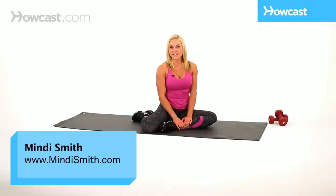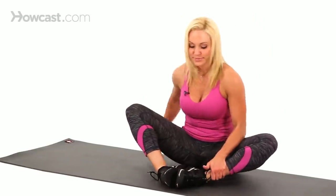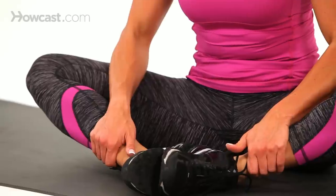Another great stretch for your inner thighs is the butterfly stretch. You're going to get down on the floor, bring both legs together, bring your feet together just like this. You're going to sit down into your hips. Keep your back straight, your shoulders back, core tight, and you're going to drive your knees down into the floor.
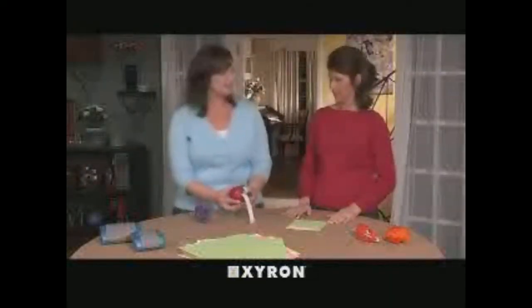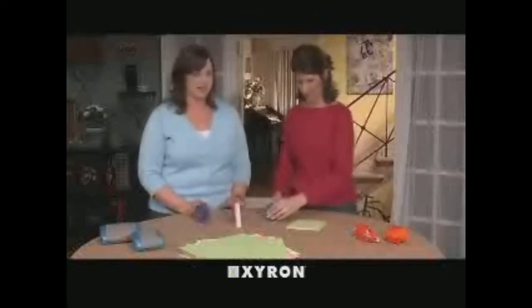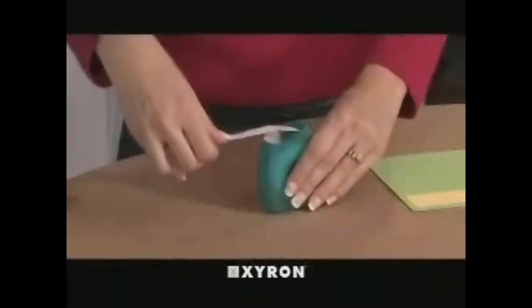They won't take up any room on my crafting table! Perfect for use with tags, photos, title strips, and more. Both the permanent and repositionable tapes dispense just like most others — just pull gently until the desired length is reached and tear against the serrated cutting edge.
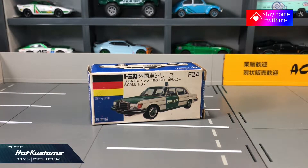Today's unboxing is on the retired vintage Tomica, the Mercedes police from the Tomica foreign box series. You can see the box condition is pretty worn. As a Tomica collector, I occasionally collect these vintage models and I'll feature this mini car in this channel from time to time.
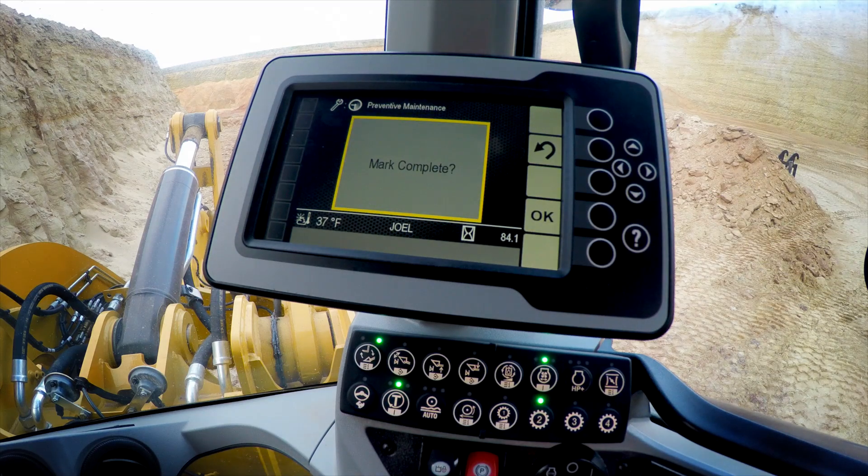This system works in concert with our product link, which is now standard on the M-Series Small Wheeler. So both you, the operator, and your fleet manager are going to see the same information.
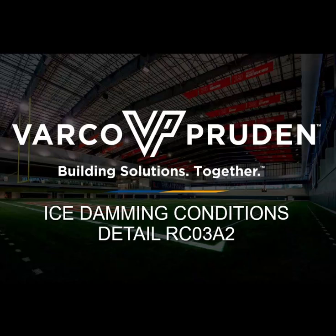The detail we are going to be talking about today is RC03A2. Additional ice damming sealant is required for buildings that have a ground snow load of 20 pounds per square foot or greater.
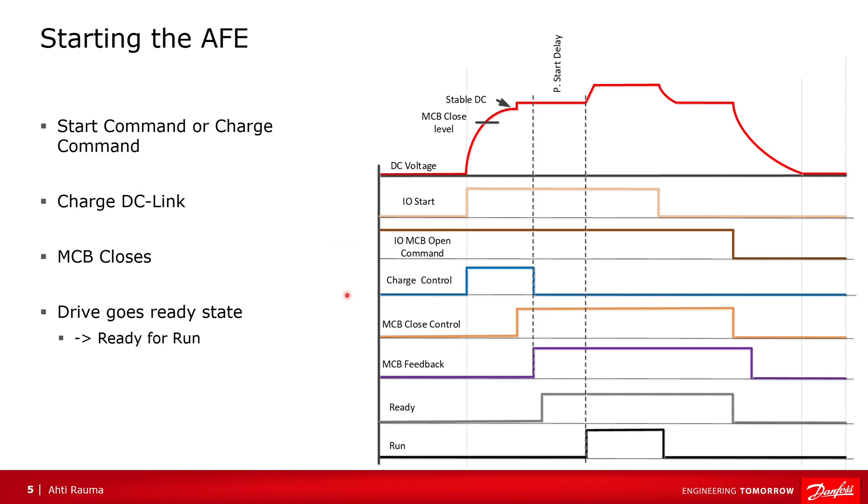Starting the AFE. Charging can start from the start command or a separate charging command. With the start command, the charge control is activated and the DC-link starts to charge. When the DC voltage level is high enough and stable, the MCB close command is given. Once the MCB feedback is received, the charging control is stopped, and a little later the drive goes to the ready state.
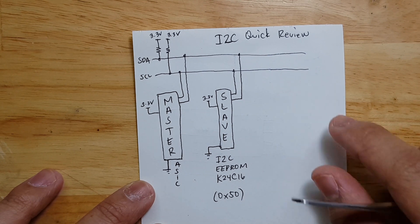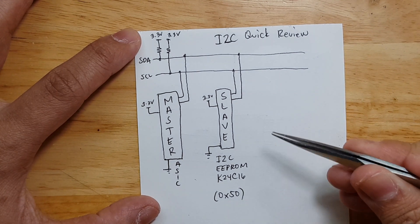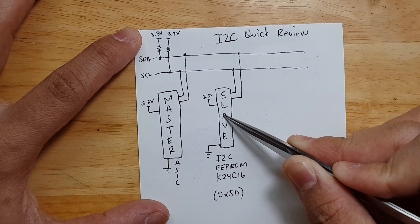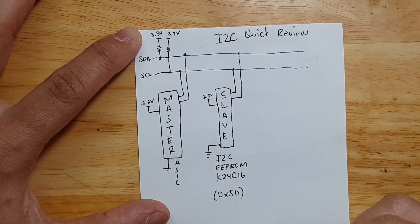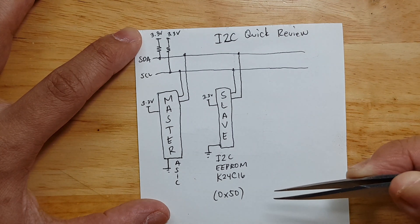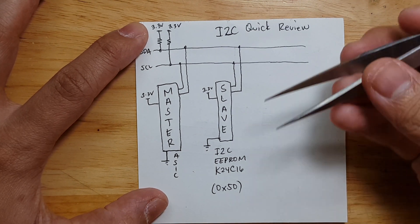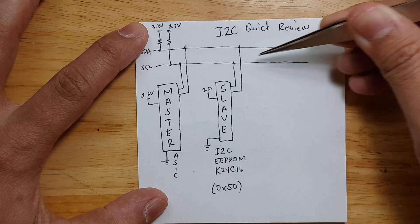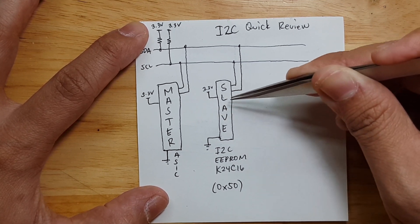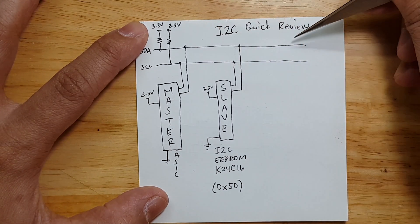As previously discussed in our last video about hacking the blood pressure monitor, the I2C EEPROM with this part number is connected to an ASIC of that blood pressure monitor. This ASIC, the one that is the master, is transferring information to the slave. So there are 2 ways how we can bypass that data: we can either have an Arduino as a master and try to do some arbitration to get the specific address location, or we can make the Arduino as a slave and just listen on the I2C bus.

++++++

Repeat the data verbatim through the "They won't take" line, no pictures.

**Your response:**
Another great stretch for your inner thighs is the butterfly stretch. You're going to get down on the floor, bring both legs together, bring your feet together just like this. You're going to sit down into your hips. Keep your back straight, your shoulders back, core tight, and you're going to drive your knees down into the floor.
They won't take up any room on my crafting table! Perfect for use with tags, photos, title strips, and more. Both the permanent and repositionable tapes dispense just like most others — just pull gently until the desired length is reached and tear against the serrated cutting edge.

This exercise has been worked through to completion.